Un expert juridique auprès de l’ONU met en garde contre le contournement des parlements nationaux

Accord économique et commercial global entre l’UE et le Canada

Genève (24 juin 2016) – Le spécialiste des droits de l’homme Alfred de Zayas* a mis en garde ces derniers jours que tout plan de l’Union européenne de contourner les parlements nationaux pour faire passer des accords commerciaux controversés violerait les droits humanitaires et les normes internationales.
«Des accords commerciaux, préparés et négociés en secret sans les acteurs importants tels que les syndicats, les associations de consommateurs, les spécialistes de la santé et de l’environnement ainsi que les parlements, n’ont aucune légitimité», a déclaré le rapporteur spécial de l’ONU pour la promotion d’un ordre international démocratique et équitable.
L’appel d’Alfred de Zayas coïncide avec la publication de rapports selon lesquels la Commission européenne planifie de traiter les accords économiques et commerciaux globaux (CETA) avec le Canada comme une affaire «EU only». Dans ce cas, tous les parlements nationaux de l’UE seront exclus du processus de ratification des accords. Ceci est le résultat des discussions, menées par le rapporteur spécial avec divers acteurs de l’UE, sur la base de documents secrets récemment révélés et sur les derniers rapports parus dans les médias.
«Vu les nombreuses voix opposées s’élevant au sein des organisations de la société civile, il est urgent de mener un débat approfondi et transparent dans les parlements nationaux et d’organiser des référendums dans tous les pays concernés», a précisé Alfred de Zayas. «Refuser au public le droit de participer à ce débat important est antidémocratique et fait preuve d’un profond mépris envers la voix du peuple.»
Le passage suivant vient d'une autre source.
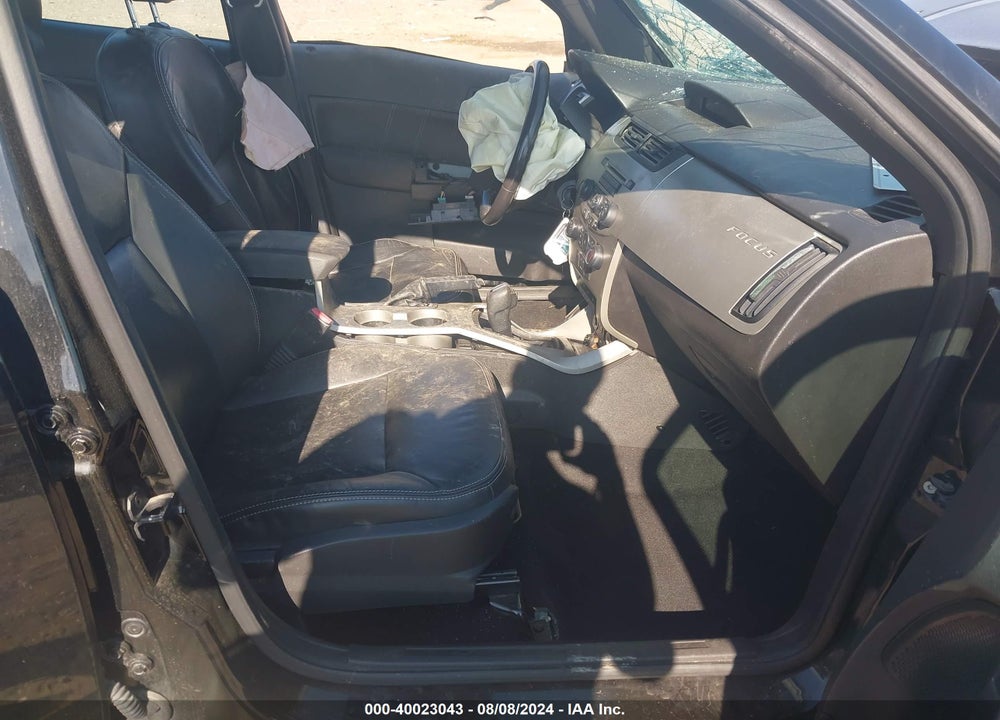 2011 FORD FOCUS SEL VIN: 1FAHP3HN6BW163192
Un sondage précédent demandé par la Commission européenne en 2014 a montré que 97% de la population de toute l’Europe étaient opposés à l’insertion d’une protection asymétrique des investissements dans l’accord pour un Partenariat transatlantique sur le commerce et l’investissement (PTCI ou TTIP en anglais) entre les Etats-Unis et l’Union européenne. «Il en serait de même pour l’accord CETA, mais on n’a jamais mené une enquête à ce sujet», a insisté M. de Zayas.
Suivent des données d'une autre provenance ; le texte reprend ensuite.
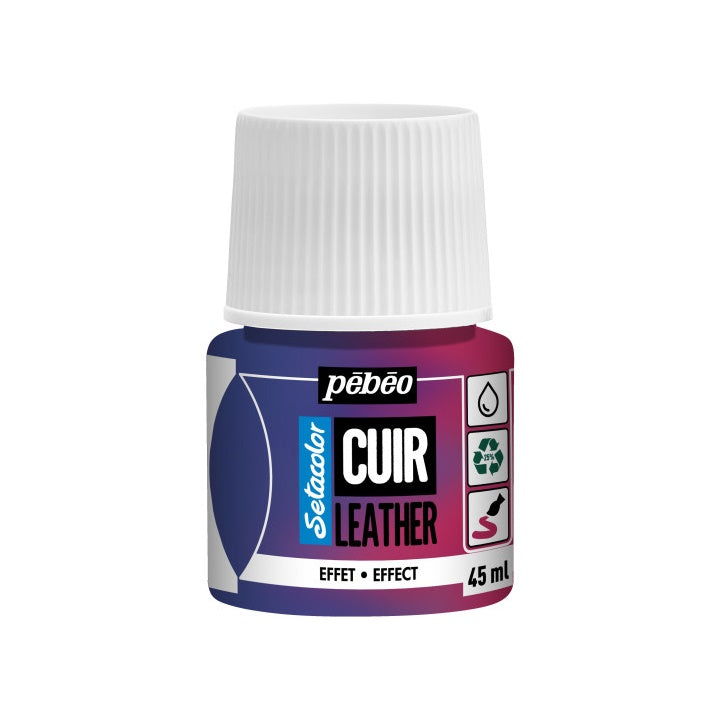 Βαφή δέρματος Pebeo Setacolor effect 45 ml | διάφορα χρώματα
A la lumière de la session du Conseil européen du 28 au 29 juin 2016, le rapporteur spécial a appelé les gouvernements à respecter leurs obligations en matière de droits de l’homme. «Le système des traités des droits de l’homme comporte des obligations impératives que les Etats doivent respecter», a déclaré le rapporteur spécial en se fondant sur le Pacte international relatif aux droits civils et politiques, le Pacte international relatif aux droits économiques, sociaux et culturels, la Convention européenne des droits de l’homme, la Charte sociale européenne et la Convention américaine relative aux droits de l’homme.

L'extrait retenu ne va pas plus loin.